B. The availability of similar programs at lower cost

[23] The Applicant argues that the Officer erred by considering the availability of equivalent local programs for less cost. The Applicant submits it is his choice to decide how much he wants to invest in his education to better his life. He points out that many international students are willing to pay exorbitant fees to attend higher-ranked educational institutions, even though there may be local options available for similar studies.

[24] While that may be, it remains that it was open to the Officer to consider the availability of local alternatives for lesser cost when assessing the study permit application. Although this fact will not necessarily be determinative, it is simply another factor to be considered by a visa officer in assessing an applicant’s motives for applying for a study permit: Zuo v Canada (Citizenship and Immigration), 2007 FC 88 at para 23.

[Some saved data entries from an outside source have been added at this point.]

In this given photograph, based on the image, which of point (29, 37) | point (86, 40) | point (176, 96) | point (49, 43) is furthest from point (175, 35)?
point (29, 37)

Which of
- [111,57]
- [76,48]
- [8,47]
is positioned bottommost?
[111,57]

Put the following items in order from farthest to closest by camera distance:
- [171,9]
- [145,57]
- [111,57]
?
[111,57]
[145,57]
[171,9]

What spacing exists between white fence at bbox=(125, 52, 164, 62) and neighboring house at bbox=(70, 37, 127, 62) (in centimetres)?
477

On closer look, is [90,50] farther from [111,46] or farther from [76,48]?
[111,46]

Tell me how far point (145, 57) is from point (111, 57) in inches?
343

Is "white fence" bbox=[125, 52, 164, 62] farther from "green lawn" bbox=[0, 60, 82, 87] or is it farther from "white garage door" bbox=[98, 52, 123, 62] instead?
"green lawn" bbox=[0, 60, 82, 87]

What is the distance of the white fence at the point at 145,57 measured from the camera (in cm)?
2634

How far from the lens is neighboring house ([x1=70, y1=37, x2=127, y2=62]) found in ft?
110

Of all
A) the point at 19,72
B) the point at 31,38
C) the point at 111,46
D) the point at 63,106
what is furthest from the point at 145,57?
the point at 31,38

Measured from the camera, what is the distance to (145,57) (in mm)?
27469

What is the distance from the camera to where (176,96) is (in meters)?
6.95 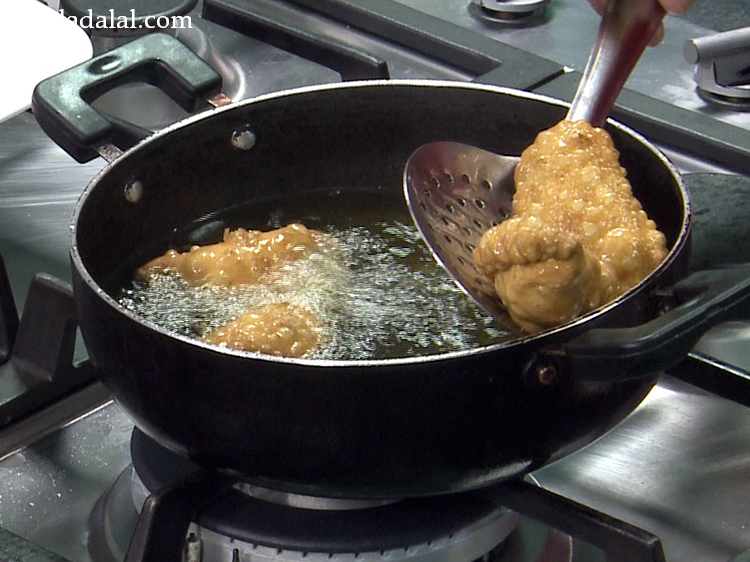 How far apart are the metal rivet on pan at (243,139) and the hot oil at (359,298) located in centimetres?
6

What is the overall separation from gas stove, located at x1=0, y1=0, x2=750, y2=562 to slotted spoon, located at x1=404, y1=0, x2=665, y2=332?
14cm

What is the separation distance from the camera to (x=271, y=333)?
681mm

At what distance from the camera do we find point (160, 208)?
2.76ft

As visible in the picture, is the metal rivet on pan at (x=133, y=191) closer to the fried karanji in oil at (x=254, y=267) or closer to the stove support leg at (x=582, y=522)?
the fried karanji in oil at (x=254, y=267)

[25] The Applicant also argues that the Officer’s Decision was unreasonable because they did not specifically list the local alternatives. I am not satisfied that the Officer was required to do so in the particular circumstances of this case. In so concluding, I adopt the reasoning of Mr. Justice William Pentney in Soltaninejad v Canada (Citizenship and Immigration), 2022 FC 1343 at paras 14-15, which involved a similar fact situation. Justice Pentney concluded that it was not a reversible error for the officer to fail to list Grade 12 programs in Iran.

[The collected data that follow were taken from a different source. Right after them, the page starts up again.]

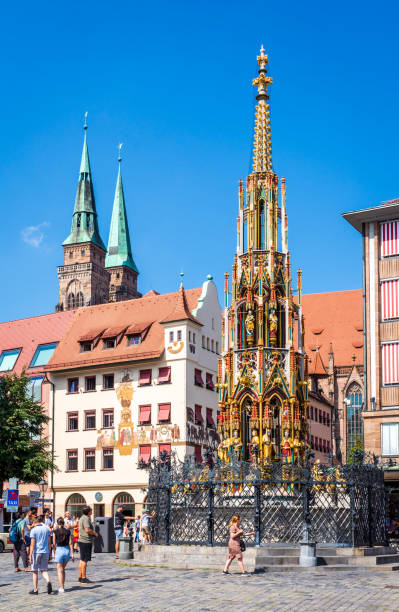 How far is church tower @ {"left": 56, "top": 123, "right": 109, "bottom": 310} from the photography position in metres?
106

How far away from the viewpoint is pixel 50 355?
52688 millimetres

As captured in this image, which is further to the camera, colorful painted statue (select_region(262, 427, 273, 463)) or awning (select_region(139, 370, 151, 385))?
awning (select_region(139, 370, 151, 385))

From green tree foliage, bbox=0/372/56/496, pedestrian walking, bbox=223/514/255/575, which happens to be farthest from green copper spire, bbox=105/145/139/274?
pedestrian walking, bbox=223/514/255/575

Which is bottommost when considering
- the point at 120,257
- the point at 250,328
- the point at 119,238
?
the point at 250,328

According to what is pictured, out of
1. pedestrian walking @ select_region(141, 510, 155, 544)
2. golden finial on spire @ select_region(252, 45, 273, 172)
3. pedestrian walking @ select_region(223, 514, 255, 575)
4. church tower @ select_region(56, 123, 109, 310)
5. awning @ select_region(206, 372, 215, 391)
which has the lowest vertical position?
pedestrian walking @ select_region(141, 510, 155, 544)

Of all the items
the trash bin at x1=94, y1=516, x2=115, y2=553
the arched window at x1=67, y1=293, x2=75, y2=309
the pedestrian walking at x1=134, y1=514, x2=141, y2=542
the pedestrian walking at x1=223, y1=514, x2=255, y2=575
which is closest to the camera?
the pedestrian walking at x1=223, y1=514, x2=255, y2=575

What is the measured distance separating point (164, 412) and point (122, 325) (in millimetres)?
6423

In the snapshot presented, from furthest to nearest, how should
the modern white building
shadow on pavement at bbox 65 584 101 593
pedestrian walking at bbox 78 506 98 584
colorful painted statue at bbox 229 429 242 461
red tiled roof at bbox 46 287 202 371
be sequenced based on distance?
red tiled roof at bbox 46 287 202 371
the modern white building
colorful painted statue at bbox 229 429 242 461
pedestrian walking at bbox 78 506 98 584
shadow on pavement at bbox 65 584 101 593

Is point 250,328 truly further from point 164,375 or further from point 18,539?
point 164,375

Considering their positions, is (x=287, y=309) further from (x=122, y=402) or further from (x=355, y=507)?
(x=122, y=402)

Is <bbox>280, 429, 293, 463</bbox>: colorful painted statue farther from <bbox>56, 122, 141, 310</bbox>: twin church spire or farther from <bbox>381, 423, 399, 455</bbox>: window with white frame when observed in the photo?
<bbox>56, 122, 141, 310</bbox>: twin church spire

C. Fettering of discretion

[26] In the GCMS notes, the Officer states: “Proof of IELTS or other proof of ESL not provided.” IELTS is an English language test for study, migration or work. ESL is the acronym for English as a Second Language.

[27] The Applicant submits that the legislation does not require the Applicant to submit proof of language scores or previous education transcripts to meet the requirements of paragraph 216(1)(e) of the IRPR. He claims that the Officer fettered their discretion when they required such proof. The Applicant contends it is clear that VIE is confident that the Applicant’s previous education and grades are sufficient, and he is able to handle the English-language course load, otherwise VIE would not have admitted him. I disagree.

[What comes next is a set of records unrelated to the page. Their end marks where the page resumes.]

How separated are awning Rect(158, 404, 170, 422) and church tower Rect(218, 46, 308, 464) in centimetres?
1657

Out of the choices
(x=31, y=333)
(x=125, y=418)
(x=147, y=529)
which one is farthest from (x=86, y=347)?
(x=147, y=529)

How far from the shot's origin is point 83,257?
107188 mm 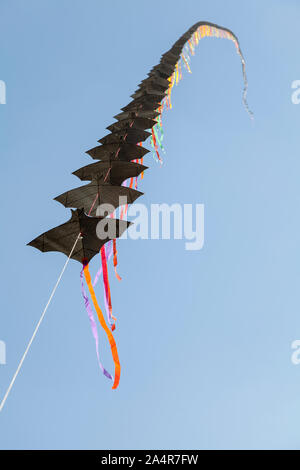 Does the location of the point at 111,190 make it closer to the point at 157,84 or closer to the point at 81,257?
the point at 81,257

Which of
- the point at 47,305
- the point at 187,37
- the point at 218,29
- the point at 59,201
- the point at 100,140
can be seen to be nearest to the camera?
the point at 47,305

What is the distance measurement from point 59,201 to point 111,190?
2.78 ft

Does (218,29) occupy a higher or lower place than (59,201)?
higher

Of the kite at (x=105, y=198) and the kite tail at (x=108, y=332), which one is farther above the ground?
the kite at (x=105, y=198)

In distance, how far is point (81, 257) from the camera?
540cm

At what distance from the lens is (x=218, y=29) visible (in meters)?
15.6

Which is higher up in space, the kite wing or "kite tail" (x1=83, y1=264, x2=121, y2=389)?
the kite wing

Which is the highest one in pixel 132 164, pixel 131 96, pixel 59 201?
pixel 131 96

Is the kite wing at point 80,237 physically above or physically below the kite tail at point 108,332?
above

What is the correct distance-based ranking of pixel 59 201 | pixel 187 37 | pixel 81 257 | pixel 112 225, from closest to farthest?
pixel 112 225, pixel 81 257, pixel 59 201, pixel 187 37

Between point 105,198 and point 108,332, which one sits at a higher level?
point 105,198

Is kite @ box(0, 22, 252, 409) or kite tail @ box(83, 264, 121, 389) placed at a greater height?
kite @ box(0, 22, 252, 409)

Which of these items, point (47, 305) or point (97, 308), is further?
point (97, 308)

[28] This Court has consistently held that it is open to a visa officer to assess an applicant’s ability to complete their studies as part of the determination process. This assessment can include evaluating whether an applicant has sufficient English-language skills or academic ability to complete their chosen program of study.

[29] Moreover, subsection 216(1) of the IRPR is not the sole source of requirements that an individual applying to study in Canada must comply with to receive a study permit. Applicants must also comply with all relevant policies, guidelines, and directions. In this case, a country-specific document checklist was created by the Ankara Visa Office (IMM-5816) to guide applicants in Iran who wished to apply for a study permit. It should be noted that this particular policy was not raised in argument or considered by the Court in Gilavan.

[30] While IMM-5816 states that prospective applicants from Iran must include the listed documentation, including proof of English language ability and their educational history as part of their application, on a practical level, an applicant’s failure to provide all the documents listed will not result in an automatic dismissal of an application. The officer has the discretion to ignore the requirement, reach out to the applicant to request they provide the missing documents, or negatively weigh the failure to provide the documentation when assessing the application.

[31] The onus was on the Applicant to put his best foot forward by providing all relevant supporting documentation and sufficient credible evidence in support of his application. The onus did not shift to the Officer to interview the Applicant or take other steps to satisfy their concerns arising from the documents he did not furnish.

D. The Applicant’s compliance with Canadian law

[32] The Applicant’s final argument is that, in concluding they were “not satisfied that the applicant will depart Canada at the end of the period authorized for their stay,” the Officer found without evidence that the Applicant could not be trusted to comply with Canadian law. I disagree. The Applicant does not cite any portion of the Refusal letter or GCMS notes where the Officer is alleged to have reached such a conclusion.

[33] There is a difference between the Applicant failing to provide evidence sufficient to meet their burden and an Officer making an unjustified negative conclusion about the Applicant’s trustworthiness.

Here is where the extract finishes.